The ranges attribute specifies which ranges of table rows should be read. The specified ranges will be read sequentially, in the order in which they are specified in the attribute. In particular, if some specified ranges overlap, the output will be repeated.

Attribute Type Description
lower_limit ReadLimit Lower read limit (inclusive)
upper_limit ReadLimit Upper read limit (not inclusive)
exact ReadLimit Exact read limit value (cannot be specified with lower_limit or upper_limit)

ReadLimit describes a separate read limit. For sorted tables, the limit can be defined by a key. Its length does not have to be equal to the number of key columns in the table. A lexicographic comparison of sequences will occur instead. The limit can also be defined by a row number (for tables and logs only), a chunk number, or a byte offset (for files only). An arbitrary number of parameters can be specified in the limit. They all apply concurrently, reinforcing each other, that is, reducing the range of selectable values.

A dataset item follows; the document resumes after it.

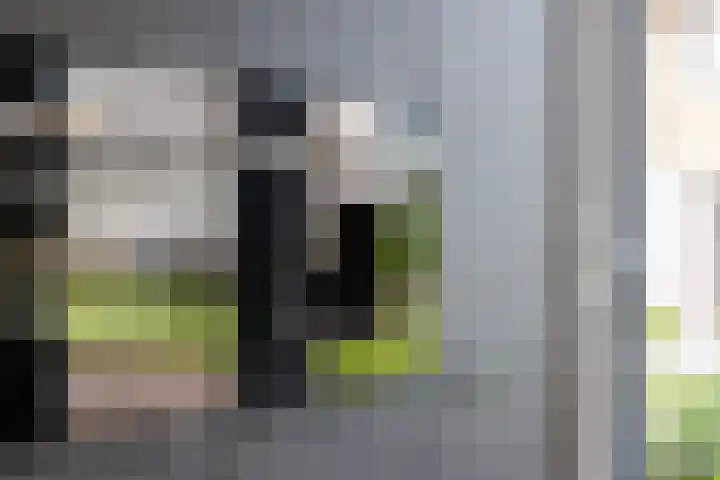 Strijkmolen 5 Zwolle thumbnail 23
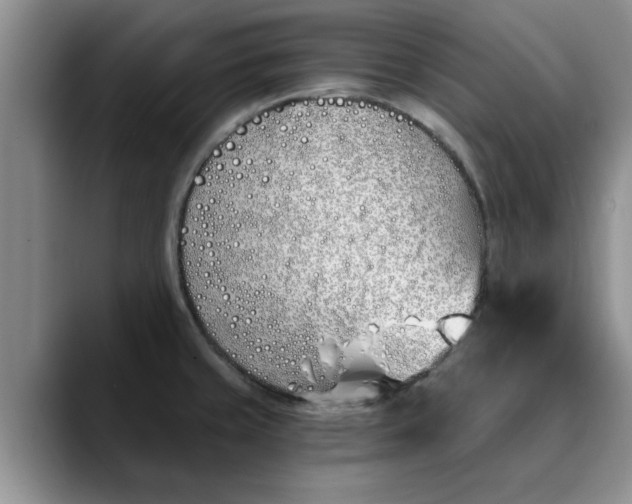 X0000089901429200707192025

Attribute Type Description
key list List of values that form the key (for tables only)
row_index int Row number (for tables only)
offset int Byte offset (for files only)

YPath attributes on the paths of files supported by the YTsaurus system

Attribute Type Description
file_name string Recognized when ordering a file in the sandbox of the job. The attribute specifies the relative path on which to place the file.
executable bool Recognized when ordering a file in the sandbox of the job. The attribute tells the system to set an executable bit on the ordered file.
bypass_artifact_cache bool Recognized when ordering a file in the sandbox of the job. The attribute enables direct file download to the sandbox of the job, bypassing the file cache on the node.
format string Recognized when ordering a table file in the sandbox of the job. The attribute specifies the format in which the table should be formatted when it is downloaded to the sandbox of the job.